If you needed an illustration of how tenuous religious freedom is in Pakistan, it came last week in the assassination of the governor of Punjab province.
After saying a Christian woman sentenced to death under the nation's blasphemy law should be pardoned, Salman Taseer was shot by one of his own bodyguards in Islamabad on Jan. 4.
The assassination caused Asma Jahangir to decide to remain in Pakistan rather than travel to Richmond to accept the International First Freedom Award on Thursday night at the Richmond Marriott downtown. Instead, daughter Sulema Jahangir accepted the honor from the Richmond-based First Freedom Center.
John Graz, secretary general of the International Religious Liberty Association, received the National First Freedom Award. J. Brent Walker, executive director of the Baptist Joint Committee for Religious Liberty, received the Virginia First Freedom Award. The Virginia Holocaust Museum received the Distinguished Service Award for its Alexander Lebenstein Teacher Education Institute.
Sulema Jahangir is a lawyer who joined her mother and her aunt at the AGHS Legal Aid Cell, which provides free legal assistance to the needy in Lahore, the capital of Punjab province. Like her mother, she is concerned by the blasphemy law introduced in 1986 by a military dictator and used since then against people in minority religious groups.

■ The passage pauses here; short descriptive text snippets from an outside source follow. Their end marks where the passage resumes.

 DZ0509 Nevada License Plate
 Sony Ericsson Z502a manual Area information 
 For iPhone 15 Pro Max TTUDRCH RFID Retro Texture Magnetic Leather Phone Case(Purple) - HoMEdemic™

Jahangir said the security guard who murdered Taseer "has been made into a hero by extremists." Most Pakistanis have a different view, she said, "but they are a scared majority. They are not armed. They don't have resources."
Asma Jahangir was recognized for her role with the United Nations Commission on Human Rights, which she served as special rapporteur on Freedom of Religion or Belief from 2004 to 2010. She was twice elected chair of the Human Rights Commission of Pakistan. She was imprisoned in 1983 for protests against the Pakistani military regime.
Sulema Jahangir went to Canada for college and to England for her law degree. She worked for two years as a corporate lawyer in London before deciding to return to Pakistan.
"It was very difficult because I loved London," she said. "But I wanted to go back and work in human rights. You can see the change you bring about in the country."